Los trazos, las manchas y las masas, con los colores anchos que ningún efecto de día o de fuente llega a bordear, sombrear ni tamizar, estas pinturas sin matices ni nubes, con pigmentos robustos, astillas, depósitos y estratos, densidades y tensiones, definan un otro sistema: insignias sin signos, léxico y sintaxis en códigos sumergidos en la misma masa, injertados en la piel de color o en el músculo o en el metal atornillado.
Esto no tiene nada que ver con un lenguaje, es una expresión en el sentido propio y literal de la palabra: es una presión exterior, como un tubo de pintura, en este gran afuera con la decoración de grandes lienzos extendidos, estirada, la presión de un empuje nocturno de la cabeza y del vientre, de la mano de Titina Maselli.
La presión de una masa enorme e imperiosa, sacudida como el paso de un metro expreso a través de la estación, tranquila como la imagen repentinamente fija, fotografiada, de este mismo metro.

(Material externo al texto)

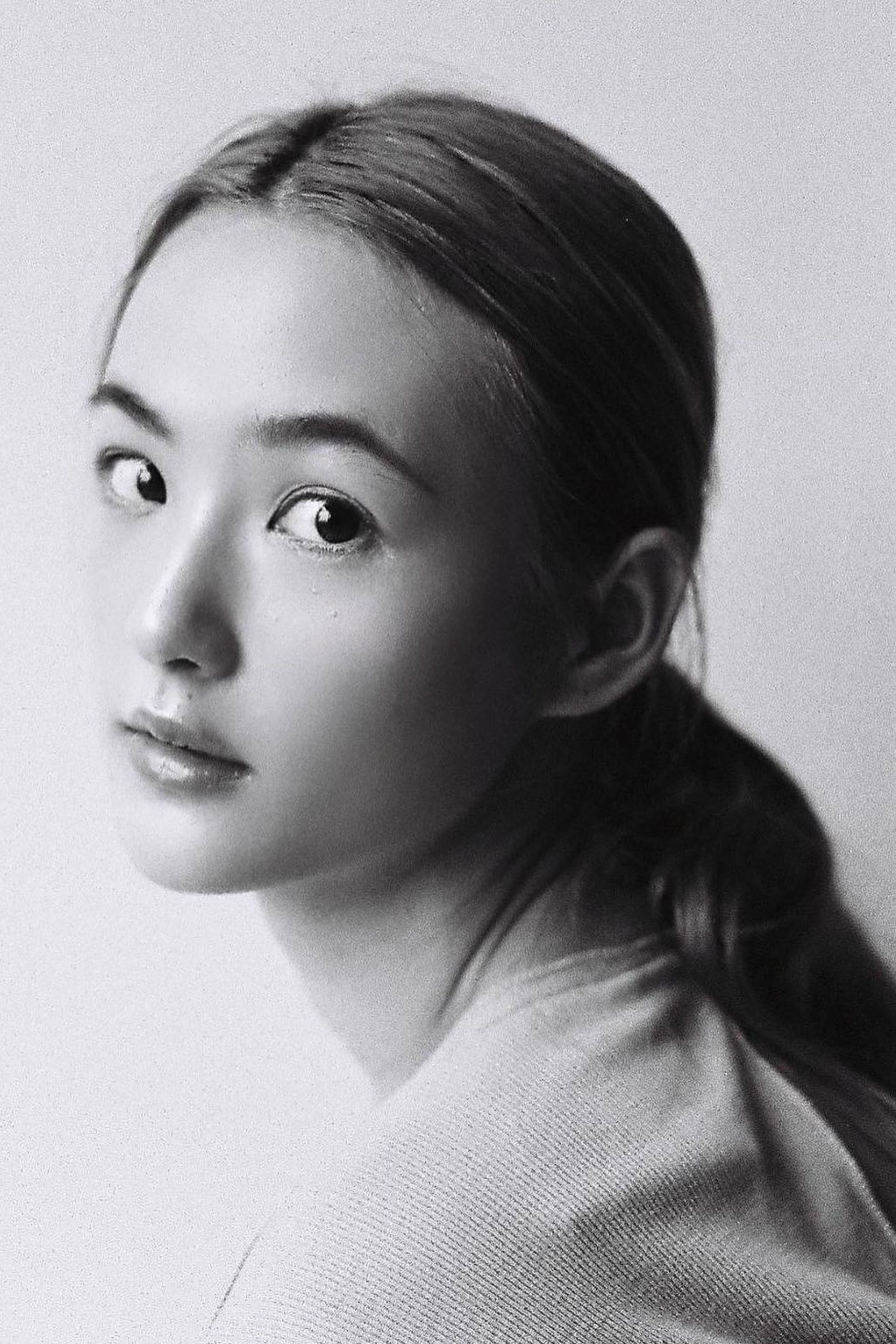 Pavadee Komchokpaisan backdrop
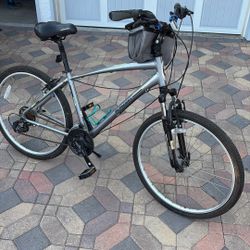 Schwinn Fordham Bike [Price Negotiable]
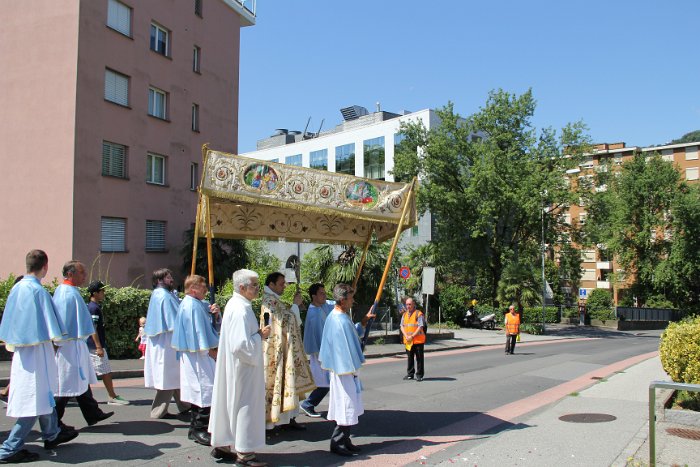CORPUS DOMINI 195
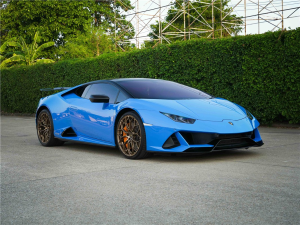 LAMBORGHINI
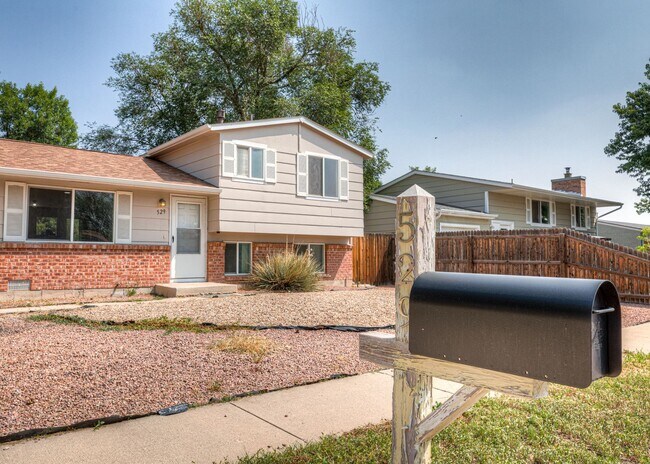 Foto del edificio - 3 Bedroom Home Close to Fort Carson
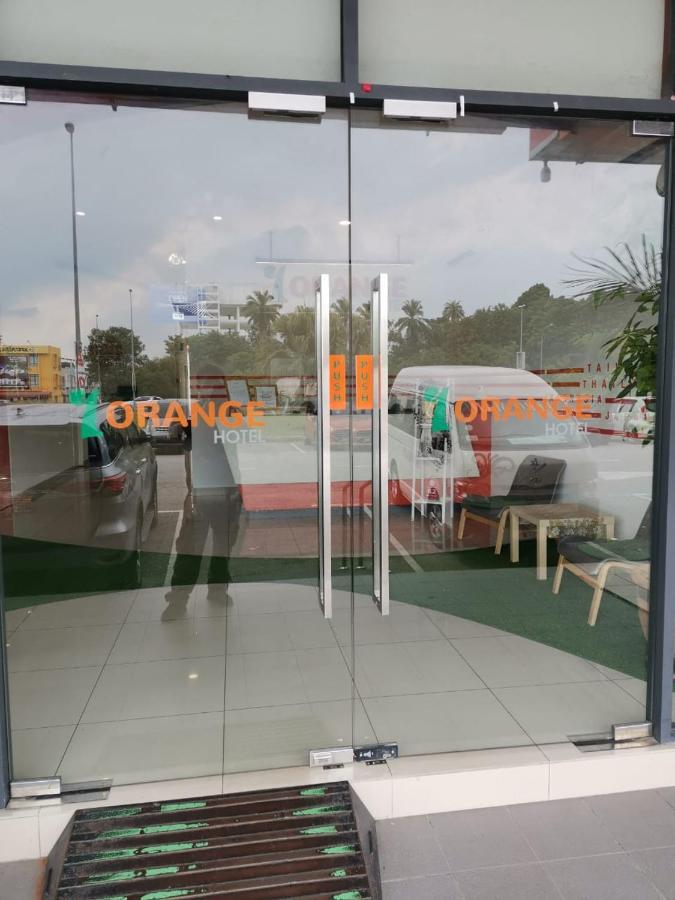 1 Orange Hotel Klia & Klia2 Sepang Exterior foto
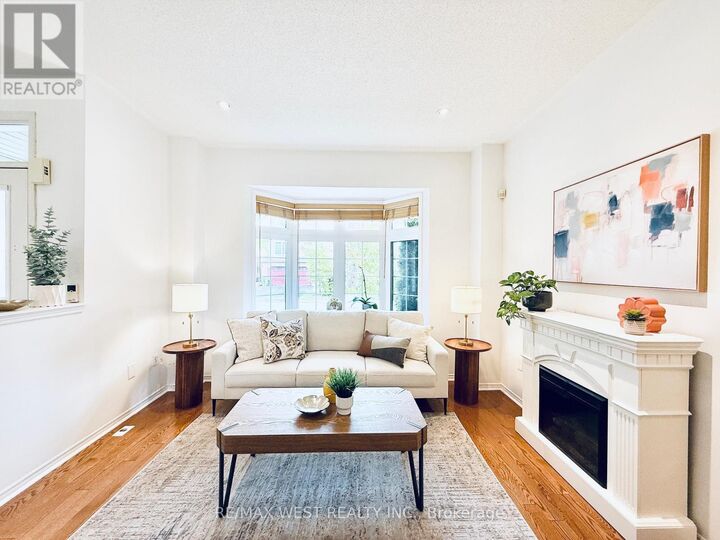 Property Photo:  22 Sierra Drive  ON M1P 5C2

O bien, un camión pesado visto desde debajo de su cubierta de popa, o bien una portería que bloquea la pelota tomada en una inmersión vertical: siempre viene la expresión de golpear el lienzo y poner en su plano todas las capas, las manchas y las rayas que brotan del fondo nocturno. Es una saturación, un exceso, un resquicio de la noche, de la ciudad y de la multitud que expresan su poder amenazador y dichoso. La expresión de Titina Maselli: su rostro como pintora. Nuestra cara, por lo tanto, se volvió hacia esta pintura, expresada en ella, y la ciudad donde hemos entrado para ya no salir de ahí.